Traditional stochastic control assumes precise knowledge of stochastic disturbance distributions, which in practice are subject to misspecification, sample error, and non-stationarity. To mitigate degradation in performance from model mismatch, distributionally robust control (DRC) optimizes for worst-case performance with respect to a prescribed ambiguity set of plausible disturbance distributions. However, DRC methods often yield overly conservative controllers, which may lead to suboptimal empirical performance when the true distribution is less adversarial.

To address the tradeoff between robustness and conservatism, recent work has proposed regret-optimal control, formulating the controller design as the minimization of the worst-case expected regret—the expected excess cost compared to an omniscient, noncausal controller (oracle) with full knowledge of the disturbance realization. This paper generalizes previous regret-optimal control frameworks by constructing ambiguity sets based on moment uncertainty, where the mean and covariance of the disturbance are only known to reside in norm-balls (including Schatten norms), thus capturing a broad class of distributions, including non-Gaussian and temporally correlated processes.

Formulation and Theoretical Results

The paper studies finite-horizon, discrete-time, linear time-varying (LTV) systems driven by additive disturbances with unknown joint distributions. The system states and disturbances may be temporally dependent and arbitrarily distributed, subject only to their first two moments lying within Euclidean (mean) and Schatten norm (covariance) balls around nominal values.

Controllers are restricted to the class of strictly causal affine disturbance feedback policies, ensuring convexity properties required for tractable optimization. The regret for a policy $\phi$ and disturbance $w$ is $R(\phi(w), w) = J(\phi(w), w) - J(o(w), w)$ , where $J$ is a quadratic cost and $o$ is the noncausal oracle. The control objective is thus

$\inf_{\phi} \sup_{P \in \mathcal{P}} \mathbb{E}_P[R(\phi(w), w)]$

where $\mathcal{P}$ is the moment-based ambiguity set.

The expected regret of any affine $\phi$ depends only on the disturbance mean and covariance, so the worst-case expected regret splits into separate maximizations over those quantities.

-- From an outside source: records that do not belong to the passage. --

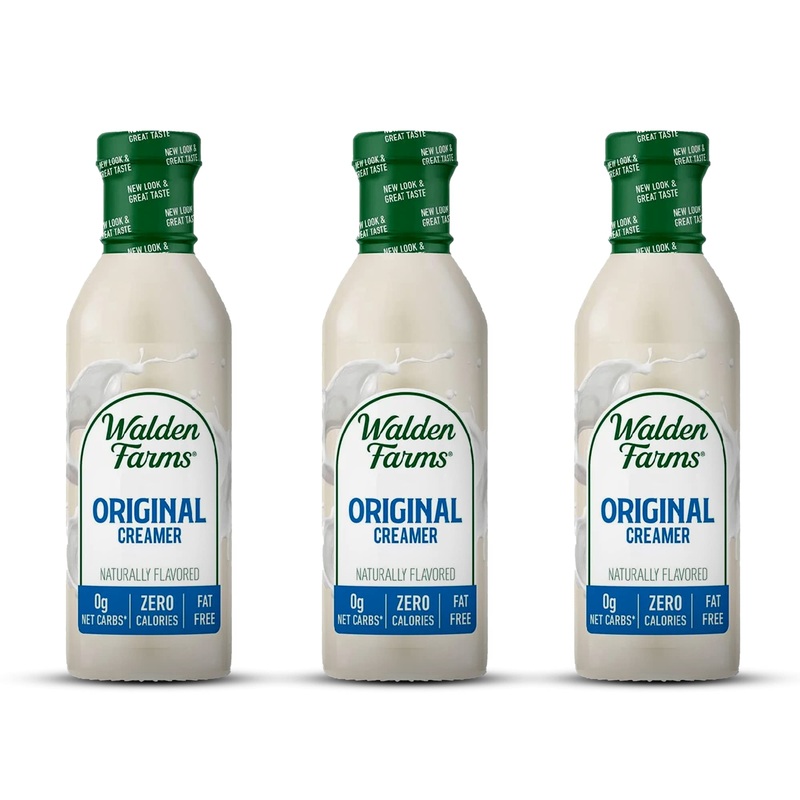 Walden Farms Original Coffee Creamer 3 Pack
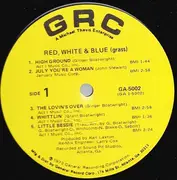 LP - Red, White & Blue (Grass) - Red, White & Blue (Grass)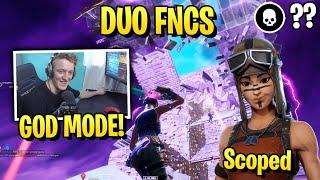 Scoped Goes GOD MODE in Duo FNCS Heat Practice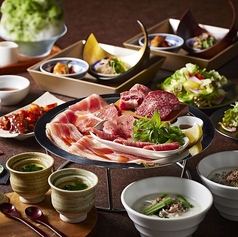 熟成焼肉 肉源 六本木店のコース写真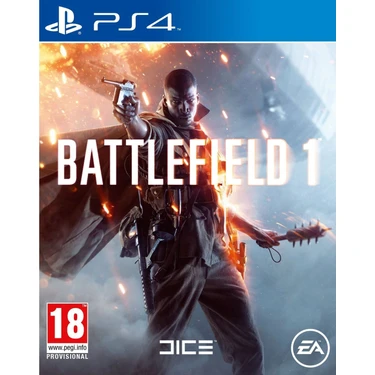 Battlefield 1 Türkçe Menü PS4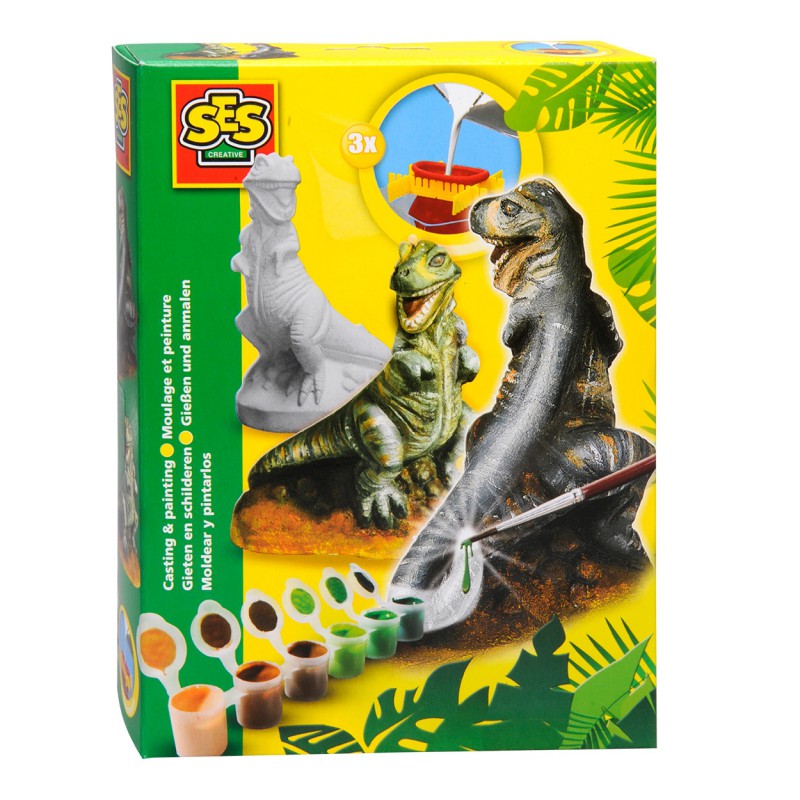 SES Gips Gieten - T-REX.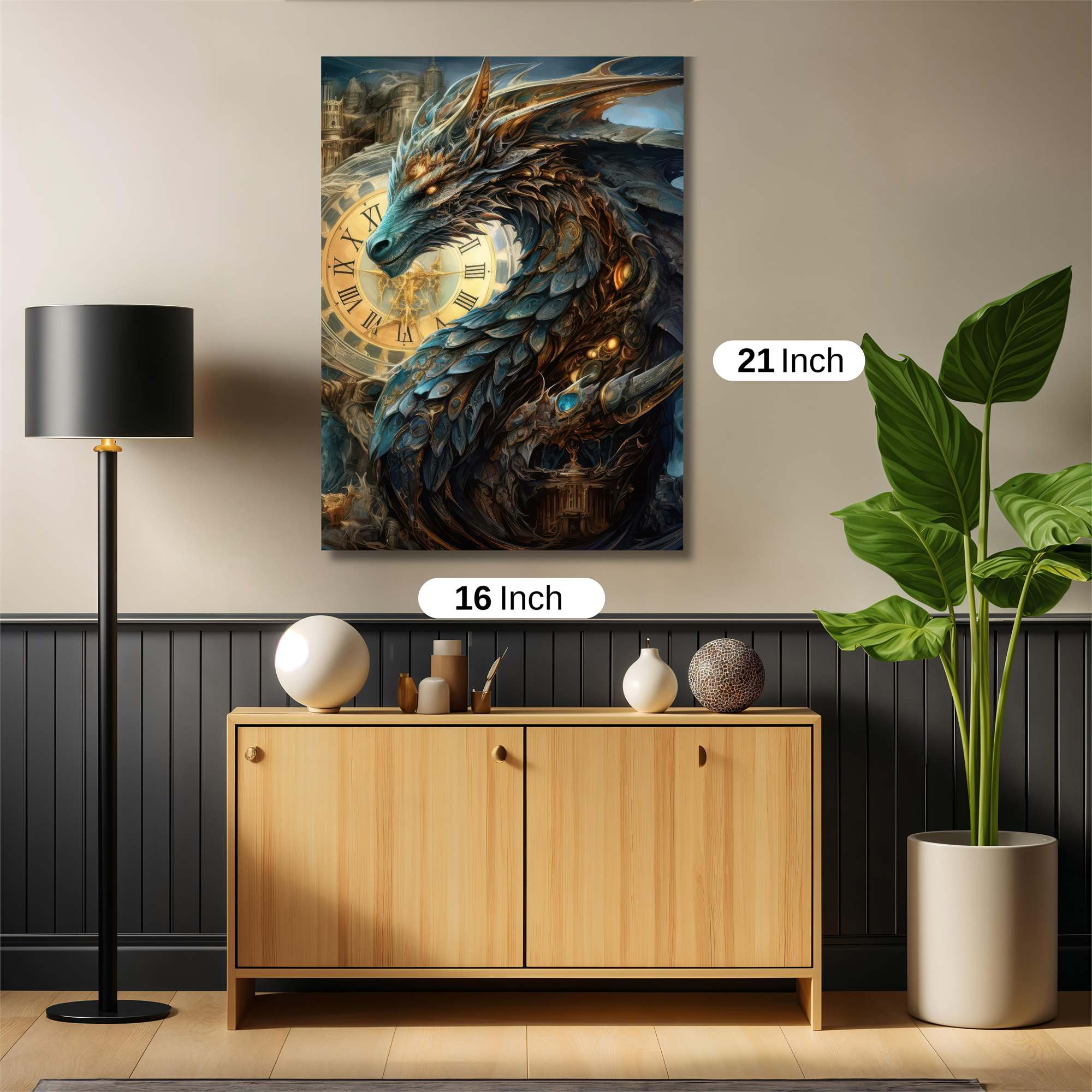 Dragon Timeless Safe Wall Magnetic / M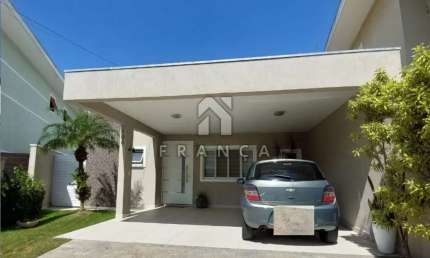 Casa em Condomínio 100% Terrea com 03 Dormitórios sendo 01 suite - Parque Califórnia Jacareí SP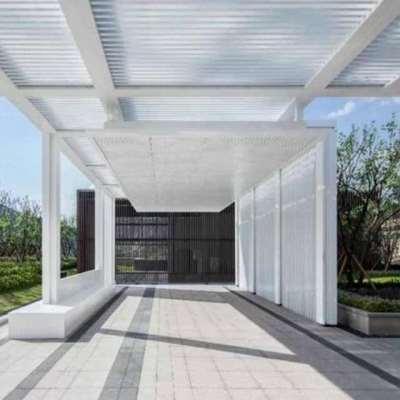 极速厂促不锈钢屏风酒店饭厅隔断 E承接金属工程样品屋展示中心廊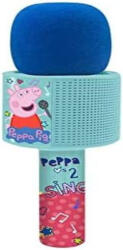 Reig Musicales Microfon cu conexiune bluetooth si lumini Peppa Pig (RG2317)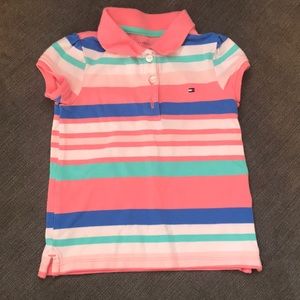 ⭐️ 5 for $20: Tommy Hilfiger Baby Girl Polo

The ambiguity set is defined as: $\mathcal{P} : = \{ P ~|~ \|\mu - \bar{\mu}\|_2^2 \le r_1,~ \|\Sigma - \bar{\Sigma}\|_p \le r_2\}$ where $p$ is the Schatten norm order, and dual norm $q$ (with $1/p + 1/q = 1$) appears in the controller synthesis via regularization.

Main theoretical results:

The paper gives a tractable convex reformulation of the minimax control synthesis as a regularized linear-quadratic stochastic control problem, where the regularization simultaneously accounts for mean and covariance ambiguity via spectral- and Schatten-norm terms, interpolating between standard robust and nominal stochastic LQG design.
The optimal feedback controller has a structure that decomposes into a feedforward term equivalent to the expected action of the oracle (under the nominal mean), and a feedback term calibrating to deviations from the nominal mean.
The convex program can be equivalently expressed as an SDP, making it expressive but, for large horizons or system dimensions, computationally costly.

Scalable Solution Methods

While the SDP-based reformulation is general, interior point solvers scale poorly with problem dimension and horizon. The authors develop a dual projected subgradient algorithm operating over the dual regularization parameters (related to mean and covariance uncertainty), with primal updates as convex quadratic programs and projection steps over Schatten norm balls for the covariance. The dual function remains concave with non-empty subdifferentials, and, under positive definiteness, the algorithm reduces to projected gradient ascent, allowing fast convergence and consideration of large-scale problems.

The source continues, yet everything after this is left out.